▸ **RECORDED DATA**
□ □ □ □ □

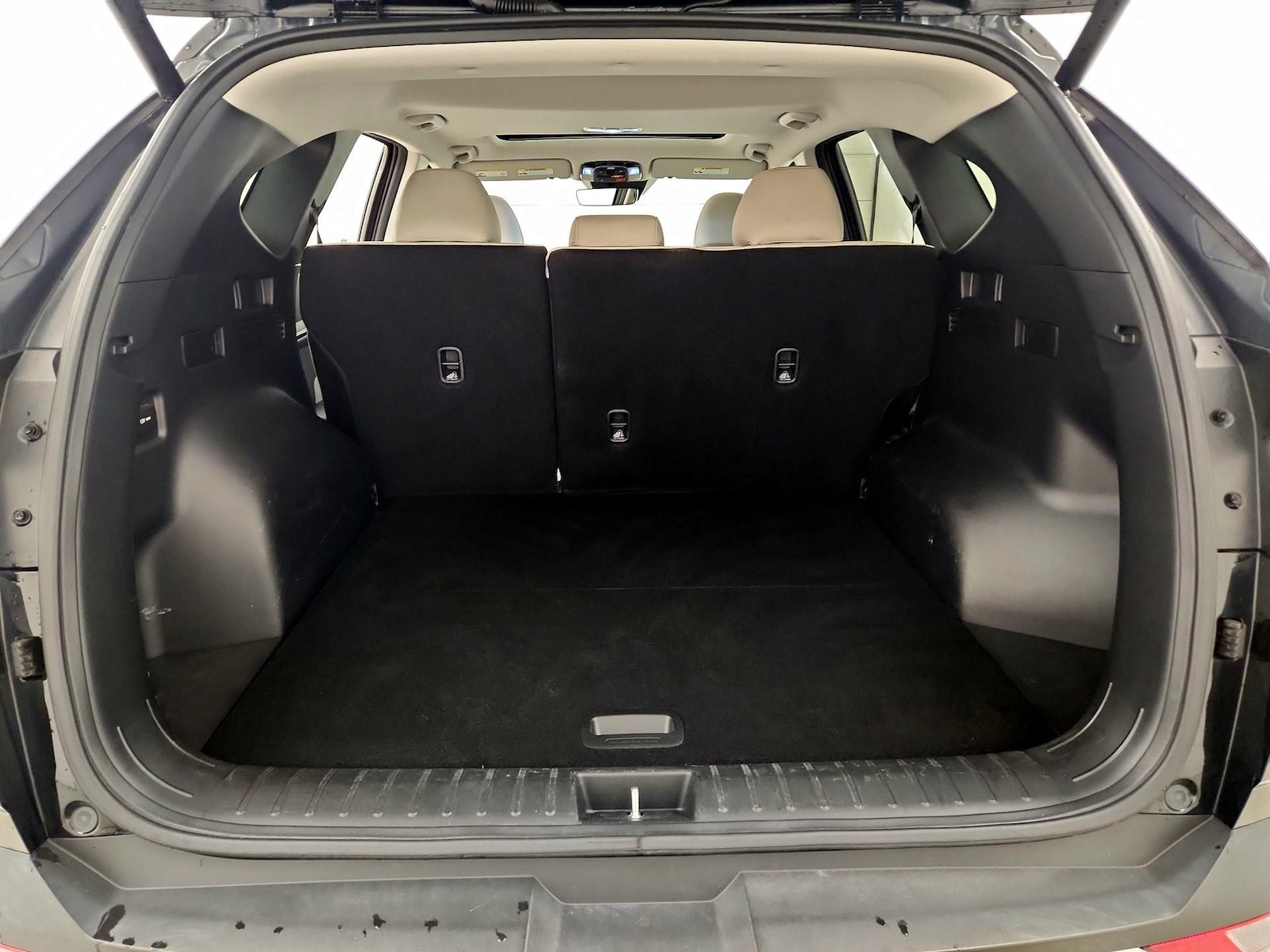 2023 Hyundai Tucson SEL - Photo 22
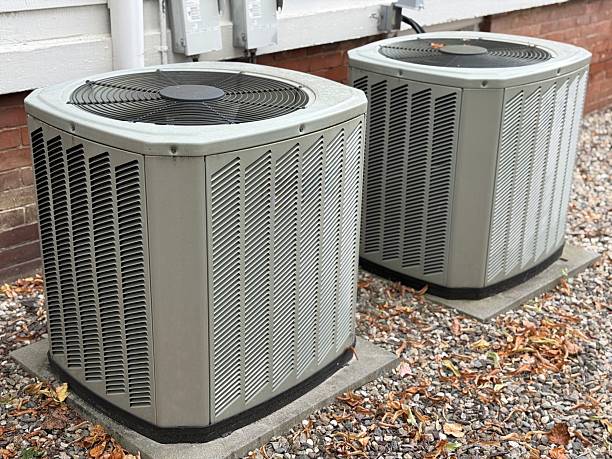 Reliable Air Conditioning Repair contractor in Marshall, IL by Tropical Oasis HVAC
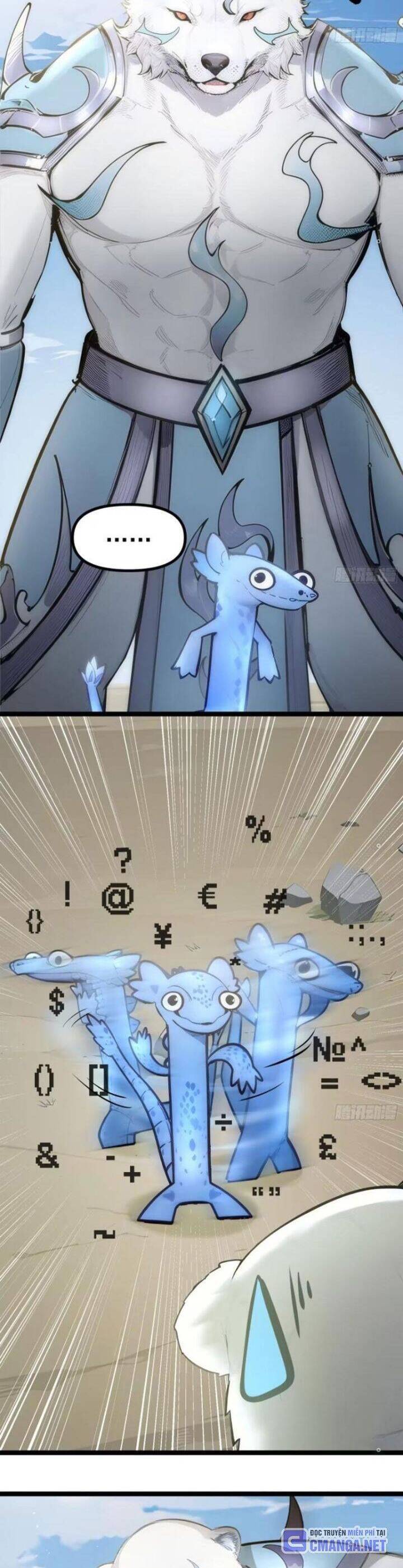 Ngươi Làm Bộ Tu Luyện Đi! - Chapter 22 - Page 9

□ □ □ □ □

▸ **WHAT YOU SHOULD DO**
Write every line of the data out again exactly, leaving out all images.

▸ **RESPONSE AREA**
 2023 Hyundai Tucson SEL - Photo 22
 Reliable Air Conditioning Repair contractor in Marshall, IL by Tropical Oasis HVAC
 Ngươi Làm Bộ Tu Luyện Đi! - Chapter 22 - Page 9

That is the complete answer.